** Work to complete **
Copying rule for the data below: pictures stay out, and only the lines from the one with "Tampilan website resmi" down to the one with "Load image into", inclusive, are repeated exactly.

-------- Supplied records --------

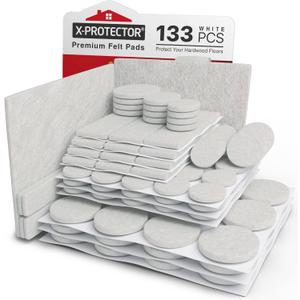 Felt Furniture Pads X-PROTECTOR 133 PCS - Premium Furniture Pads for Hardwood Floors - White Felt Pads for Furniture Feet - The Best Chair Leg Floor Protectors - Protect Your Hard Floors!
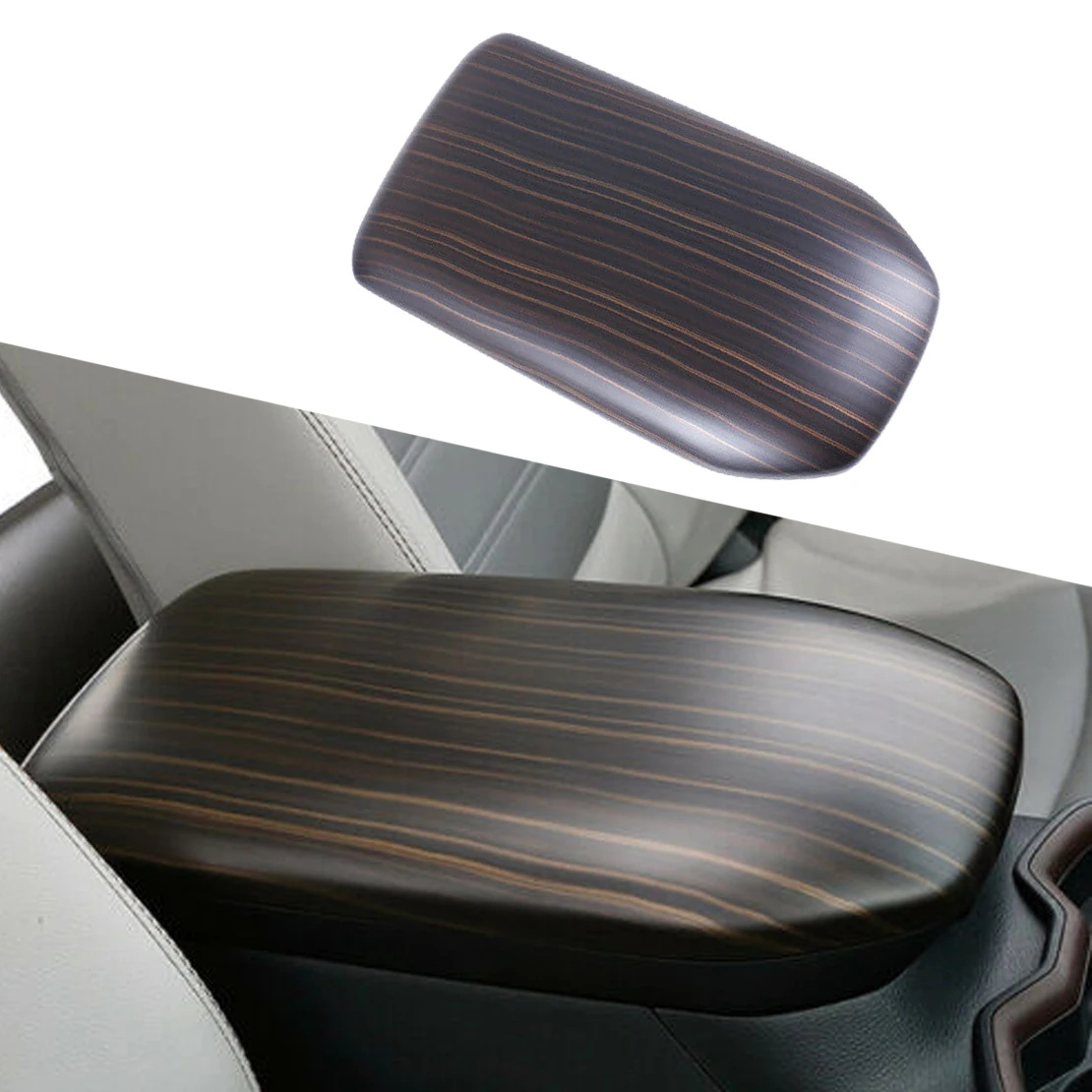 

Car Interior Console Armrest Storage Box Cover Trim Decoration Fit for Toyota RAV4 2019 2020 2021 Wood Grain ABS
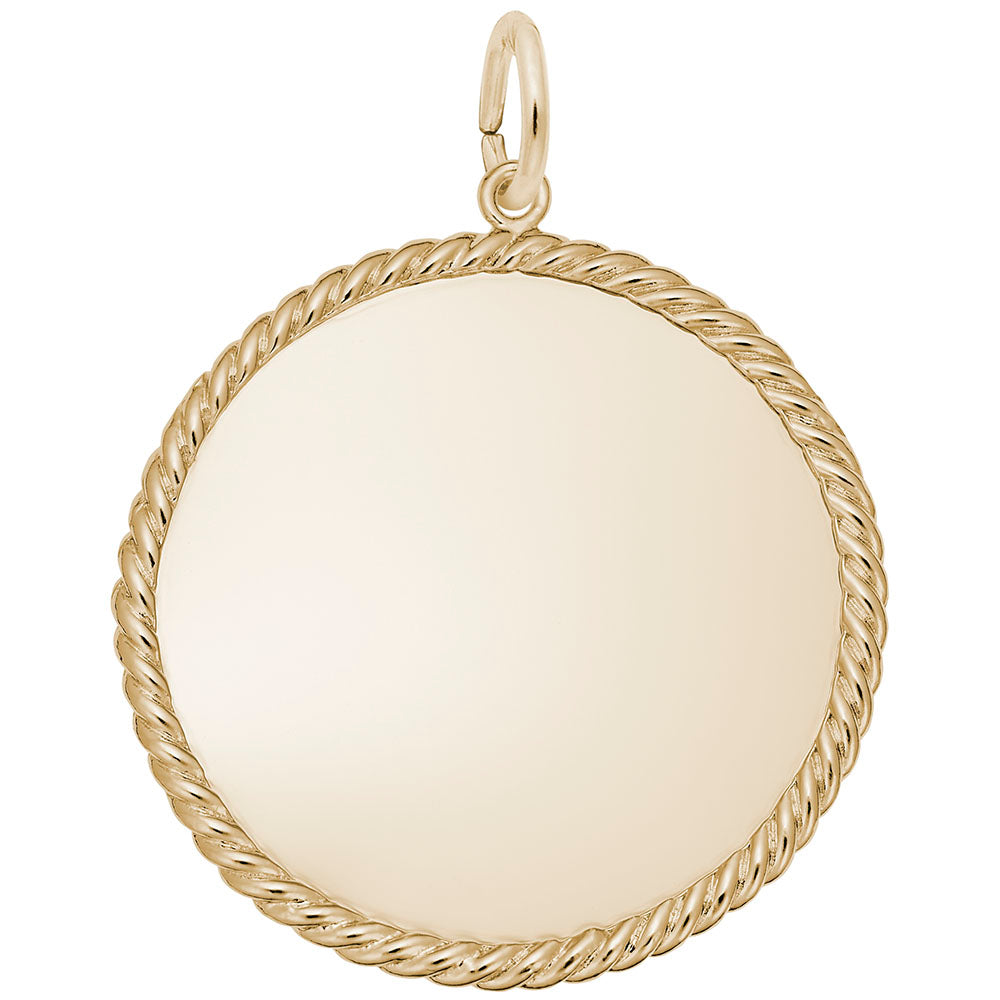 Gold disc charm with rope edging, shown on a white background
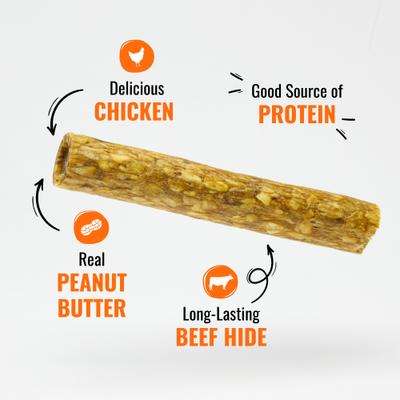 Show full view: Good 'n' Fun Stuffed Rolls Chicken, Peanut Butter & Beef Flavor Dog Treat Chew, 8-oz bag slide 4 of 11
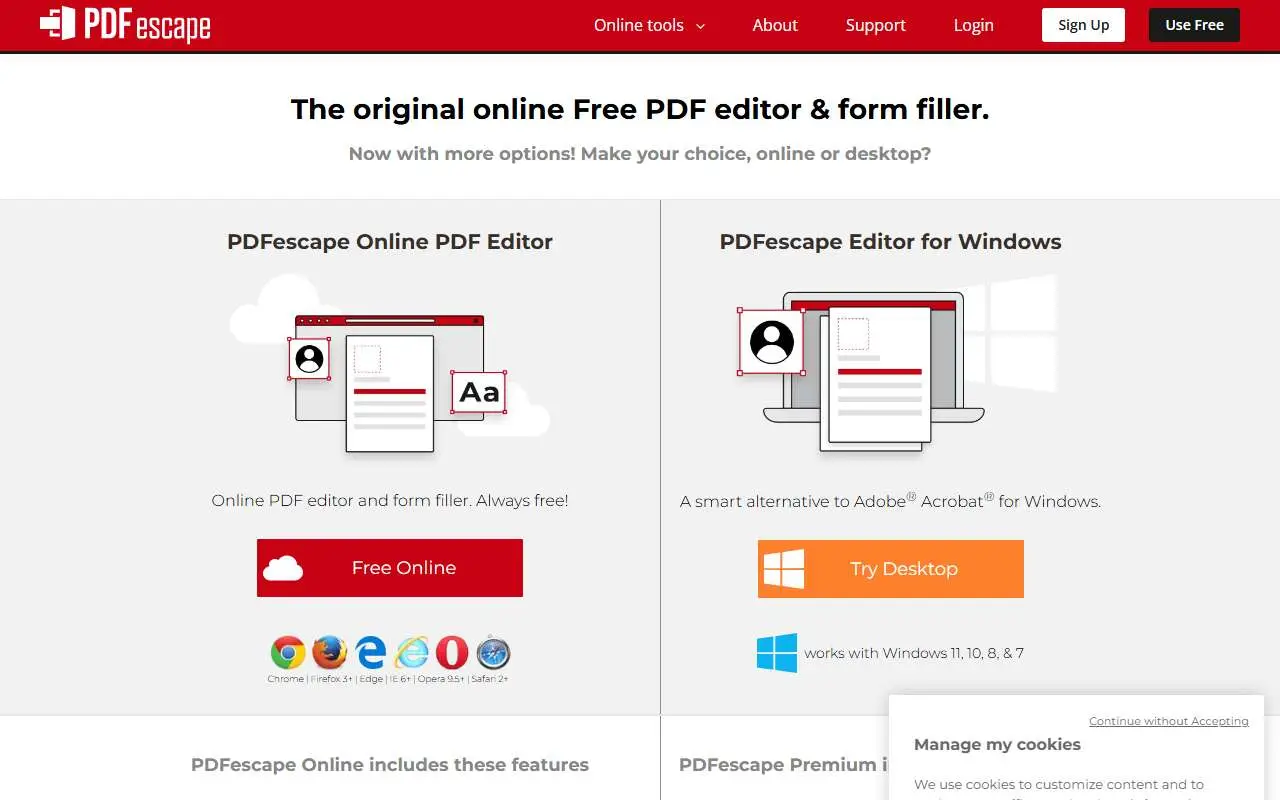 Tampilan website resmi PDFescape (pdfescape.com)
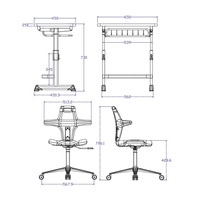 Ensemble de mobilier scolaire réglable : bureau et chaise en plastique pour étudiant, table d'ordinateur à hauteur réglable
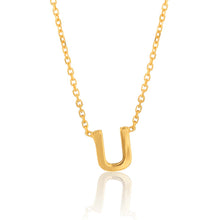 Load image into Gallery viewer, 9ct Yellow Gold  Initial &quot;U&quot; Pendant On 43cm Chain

--------
-------- Supplied records --------

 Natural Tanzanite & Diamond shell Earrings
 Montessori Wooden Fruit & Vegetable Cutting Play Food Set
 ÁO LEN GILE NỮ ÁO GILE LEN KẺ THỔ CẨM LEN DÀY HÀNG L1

--------
-------- Supplied records --------

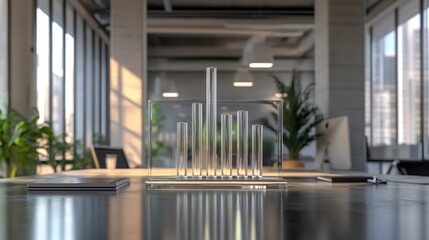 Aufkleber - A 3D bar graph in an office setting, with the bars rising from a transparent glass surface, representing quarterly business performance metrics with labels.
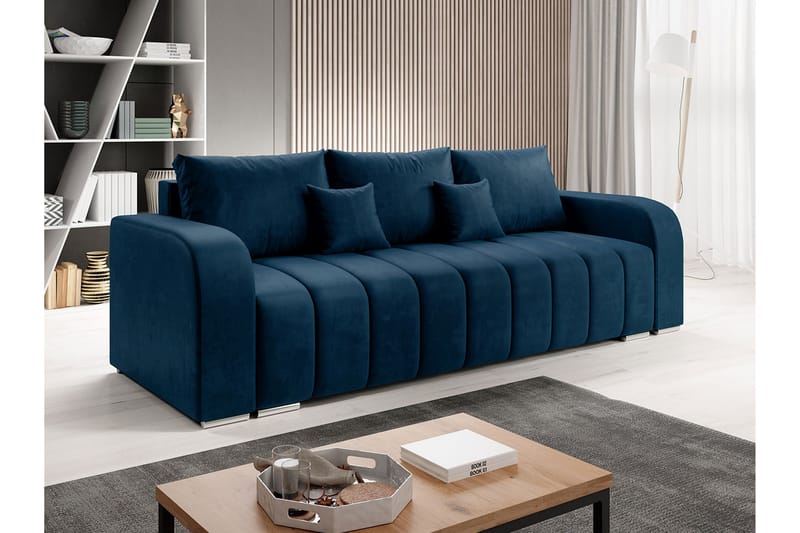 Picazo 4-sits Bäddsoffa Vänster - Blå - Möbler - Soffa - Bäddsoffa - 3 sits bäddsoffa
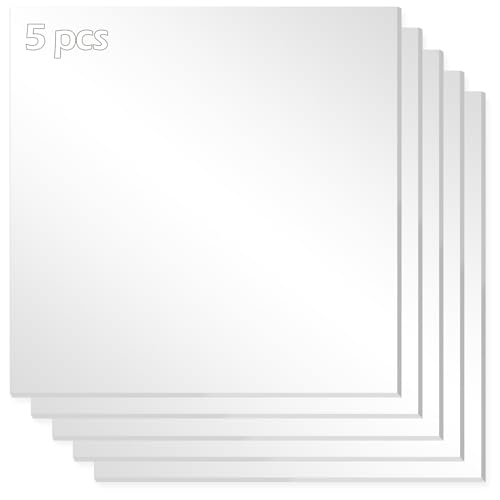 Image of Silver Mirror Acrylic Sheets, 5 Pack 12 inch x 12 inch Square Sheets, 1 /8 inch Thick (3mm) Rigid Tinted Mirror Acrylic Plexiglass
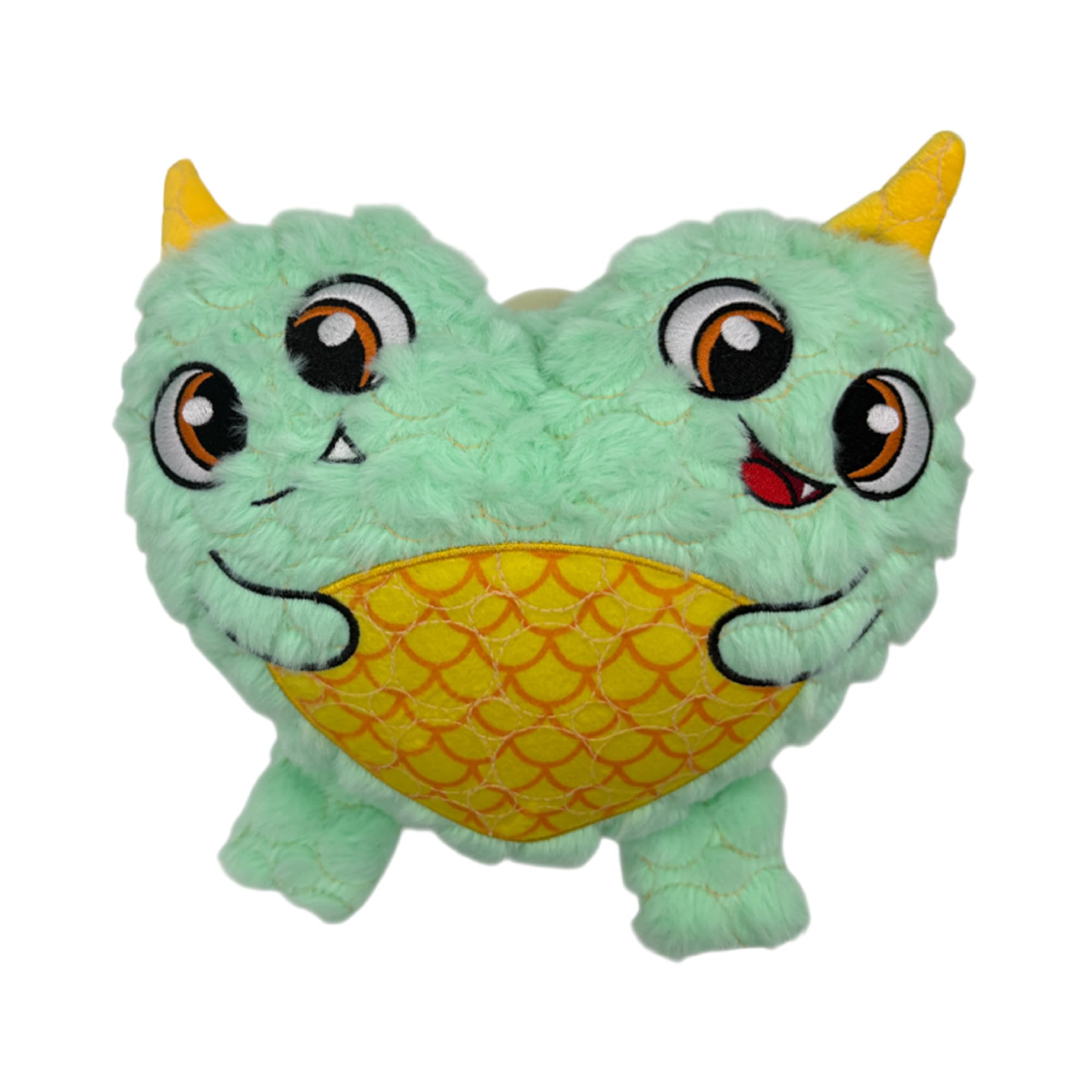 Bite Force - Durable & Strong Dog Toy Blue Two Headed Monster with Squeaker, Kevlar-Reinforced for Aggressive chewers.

--------

** Task result **
 Tampilan website resmi PDFescape (pdfescape.com)
 Ensemble de mobilier scolaire réglable : bureau et chaise en plastique pour étudiant, table d'ordinateur à hauteur réglable
 Load image into Gallery viewer, 9ct Yellow Gold  Initial &quot;U&quot; Pendant On 43cm Chain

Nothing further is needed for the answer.